Oil prices vacillated in overnight trading, with front-month futures contracts for West Texas Intermediate-grade crude testing levels below $30 per barrel before rebounding. In a report issued by the International Energy Agency today, estimates for the global supply of oil were hiked to account for increased production by Iran and Iraq, while other major producers both within and outside Organization of Petroleum Exporting Countries sustain current output levels. The agency now estimates that global production may exceed demand by more than 1.5 million barrels per day during the first half of 2016. IEA analysts conclude that the recent tour of major oil exporters by Venezuelan Oil Minister Eulogio Del Pino is unlikely to result in an accord to cull oversupply. The impact of the oil rout on equity and high-yield bond markets in the U.S. so far this year has been profound. Major energy companies have reported massive writedowns in the course of the current earnings season and the data suggests that the pain will not subside quickly. Research firm IHS has concluded that North American oil and gas producers will need to reduce spending by more than 30 percent in 2016 to regain balance even with a modest rally in energy commodity prices.
Sharp sell-off for Japanese stocks. In Japan, enthusiasm over that nation’s newly initiated negative rates has proven to be fleeting with the benchmark Nikkei 225 sliding by more than 5 percent before today’s close and the banks getting particularly hard hit. The decline come as multiple strategists have concluded that the Bank of Japan’s most recent steps to stimulate may not depress the yen as the central bank and markets had initially hoped, suggesting that Japan may have reached the limits of monetary policy. At the very least, the move threatens to undermine the credibility of the BoJ.
Bank of England wary over rising mortgage debt. In comments before an audience of business leaders today, Bank of England Deputy Governor Jon Cunliffe stated that the bank’s policymakers were watching the rapid increase in household debt in the U.K. carefully and were willing to take action if necessary. Cunliffe, while presenting at the British Property Federation Annual Residential Conference, concluded that if consumer debt expansion begins to exceed gross domestic product the Bank of England may be forced to act. The price of residential property and rents in the U.K. have skyrocketed in recent years as rates remain at historic lows.
New Hampshire primary voting begins. As voters line up at polling stations throughout the state, U.S. political analysts look for signals that a candidate will be able to pull ahead in closely contested races on both sides of the aisle. Results from Dixville Notch, the tiny New Hampshire town that is traditionally the first in the U.S. to vote in a primary—all nine residents gather to vote at midnight—favored Democratic Senator Bernie Sanders of Vermont and Republican Ohio Governor John Kasich for their respective parties’ nominations.
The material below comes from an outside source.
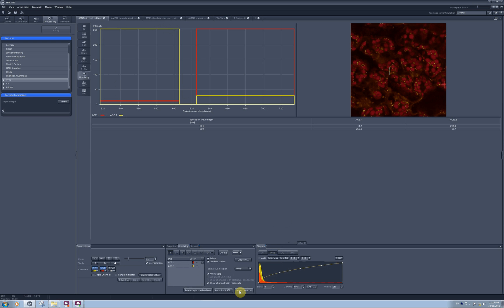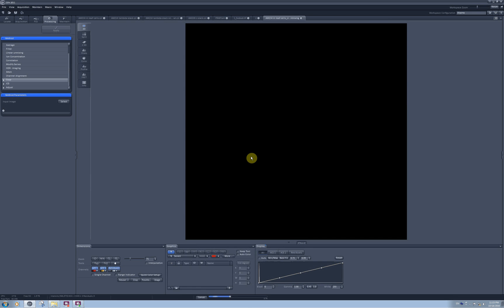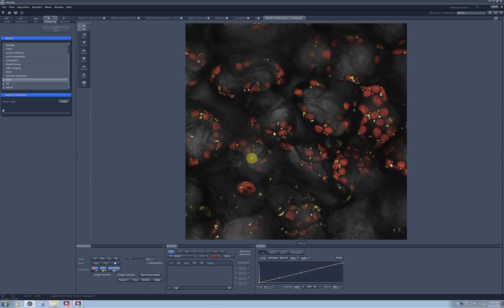To perform unmixing, I just need to click on this button linear unmixing and I will get a new tab with an unmixed image.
Sanofi profits fall. French pharmaceutical company Sanofi reported fourth-quarter financial results today that marked a sharp decline from earnings during the same period in 2014. Management ascribed adjusted decline of 6.5 percent year-over-year to increasingly competitive pricing for diabetes drugs in the U.S., who guided expectations for more challenges in the year ahead. While core business units suffered, the company’s biotech unit posted a 28 percent jump in revenues for the period.
Hong Kong protests continue. Clashes between protestors and police continued for a second night in the Mong Kok district, marring Lunar New Year celebrations. Dubbed the “fishball” revolt by local media outlets, the conflict arose after authorities attempted to clear the area of unlicensed food vendors during the holiday. The tone of the protests has since shifted towards pro-independence, similar to those during the autumn of 2014 with many students taking to the streets. The recent arrest of several satirical Hong Kong publishers critical of the government in Beijing has contributed to tensions.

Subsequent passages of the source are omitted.